I THINK the majority of people who watched last year’s “Le Tour” were impressed with the racing spectacle, along routes which provided a magnificent backdrop of Yorkshire countryside. The fact that this racing took place on temporarily closed roads – and was efficiently organised, advertised and marshalled – ensured that the general public, and those who lined the route, were kept safe.
But it beggars belief that the authorities routinely allow amateur cycle races to be conducted on roads in use by the general public. They can be on busy main roads as well as narrow twisting country routes – often busy with farm traffic and tourists’ cars at this time of year.
Drivers in our locality constantly see cyclists in full kit and mounted on racing cycles riding recklessly or without due care and consideration for other road users. Examples are legion, such as riding three abreast when rounding bends on narrow country roads, speeding out from a road junction in front of passing traffic and often appearing not even to bother to glance in the direction of oncoming traffic.
Often riding two or more abreast on a narrow country road, they refuse to allow a held- up vehicle or tractor room to pass safely by dropping back into single file. A gentle pip on a horn is usually the cue for rude gestures or verbal abuse.
I am often struck by the comparison in attitude of the family groups out for a pleasant cycle ride on these same roads. Without any prompting they will drop back into single file to let other road traffic pass and rarely exhibit any reckless or inconsiderate behaviour.
Cycling accidents continue to rise (in many cases with only the cyclists themselves involved) and often on fast downhill sections, but generally other road users get the blame for any accidents involving cyclists – regardless of any contribution from the riders themselves.
Such accident statistics will continue to worsen as long as the authorities continue to condone competition cycle racing on busy public roads.
Careers in Parliament
From: C Duffett, Rosedale Avenue, Hartshead
THE release of the GCSE and A-level results will have left some school leavers disappointed or despondent, but even though they may be frustrated in their attempts at an academic career there are other opportunities for a comfortable lifestyle.

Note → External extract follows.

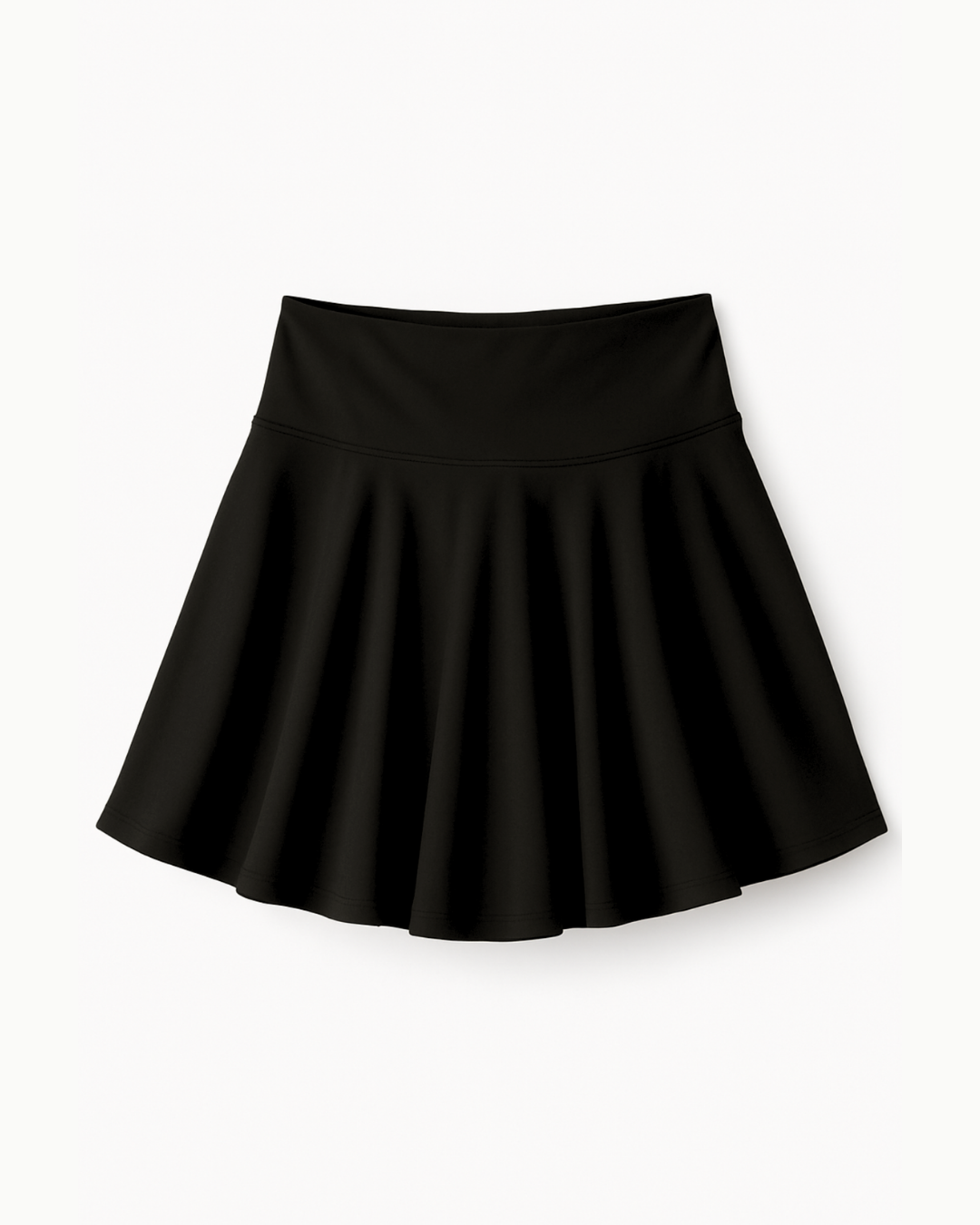 Flat lay de The Core Skirt negro de Muv&Glow sobre fondo blanco, falda deportiva con short interior.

A political career is a notable case in point, offering a starting salary of £74,000 plus benefit in kind from the generous tax free expense allowances, yet requires no academic qualifications for entry nor knowledge of how Parliament works.

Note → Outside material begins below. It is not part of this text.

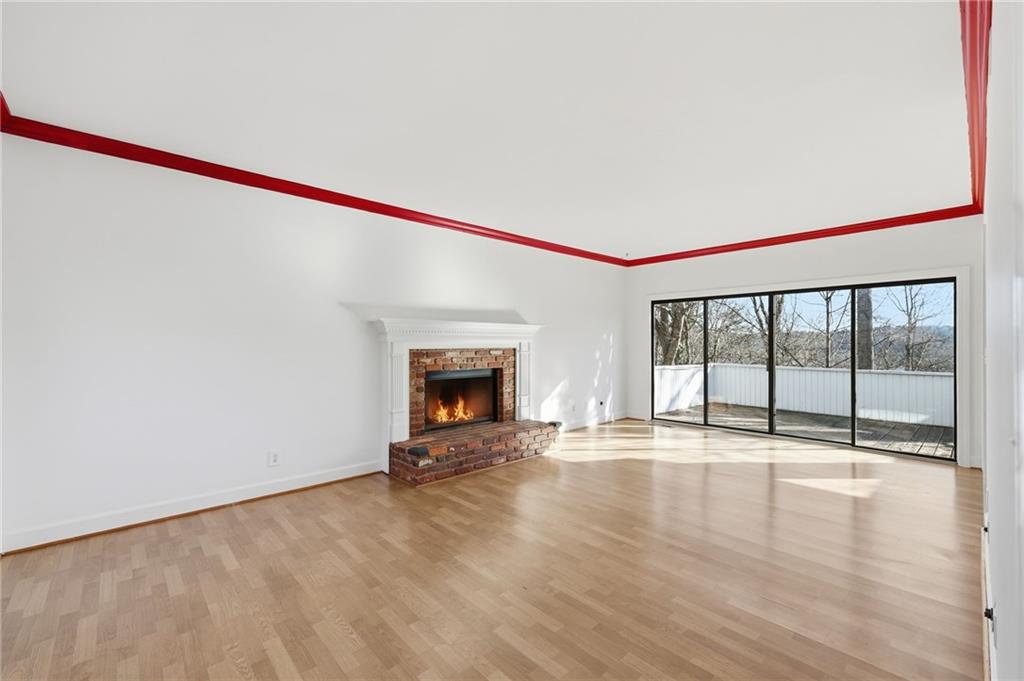 2453 Basin Court Gainesville, GA 30506 - Photo 8 of 47 a view of an empty room with wooden floor and a window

Some find it a dead end job, of course, if they are overlooked for preferment for Ministerial appointments, but on the other hand there is flexibility over attendance – some not attending Parliament at all yet still drawing Parliamentary salaries and expenses, apparently.

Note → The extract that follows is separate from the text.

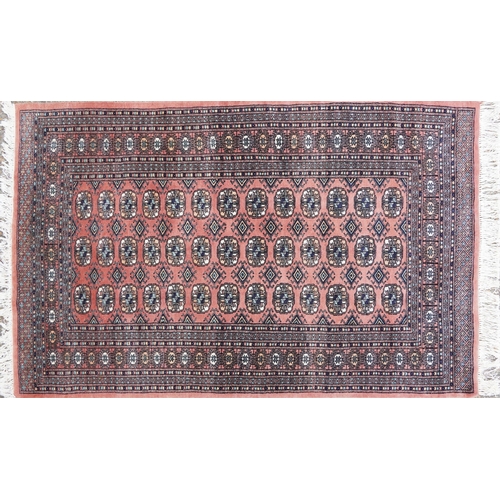 1020 - Rectangular Persian rug having an allover repeat design, 190cm x 125cm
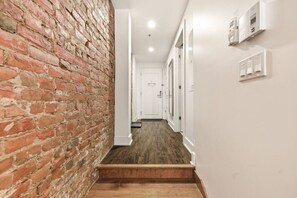 A narrow hallway with a brick wall on one side and a white wall on the other, leading to a door at the end. - Cozy Montreal 1BR • Steps to Old Port (Montreal)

Apart from Westminster’s paid political opportunities, we have seats in the European Parliament (MEP), the Scottish Parliament (SMP) and the Welsh Assembly and moves are afoot but not yet adopted for Regional Assemblies as well as creating salaried positions in what is currently the House of Lords. Good family and social connections are an advantage, of course.
Parliamentary seats give the opportunity to audition for the media and TV; Prime Minister’s Questions, for example, supplies the opportunity for the aspirant clowns and comedians.
So young people should not over react to disappointment over examinations; opportunities still exist to rise above those whose average salaries produce the taxes to pay for the amenable lifestyle of those who use the route of not what you know but who you know.
Labour’s poll fiasco
From: Hilary Andrews, Nursery Lane, Leeds.
PAULA Sherriff, Labour MP for Dewsbury, was asked on Radio Leeds who she would be supporting for the Labour leadership. She thought Yvette Cooper, because a woman leader would be “one in the eye for David Cameron”. With such puerile reasoning, how can the general public take this contest seriously?
The evils of euthanasia
From: I M Asquith, Sunnyhill Croft, Wrenthorpe, Wakefield.
IN response to the letter by Peter Hyde on the subject of Dignitas (The Yorkshire Post, August 19) , I am very sorry that his parents were such an inconvenience for him. There is no mention of how his parents would have felt about being “put to sleep”. If ever a letter was designed to show the evils of euthanasia, this was it.
Lording it at public expense
From: Terry Palmer, South Lea Avenue, Barnsley.
NO wonder ‘worn out’ Establishment figures can’t wait to get into the Lords. Some peers have not even registered a single vote yet have trousered £100,000 in expenses. No matter, David Cameron is to announce a further 50 peers, mostly Tory, costing the taxpayer at least a further extra £1.3m annually in expenses. Austerity? Never heard of on this gravy train.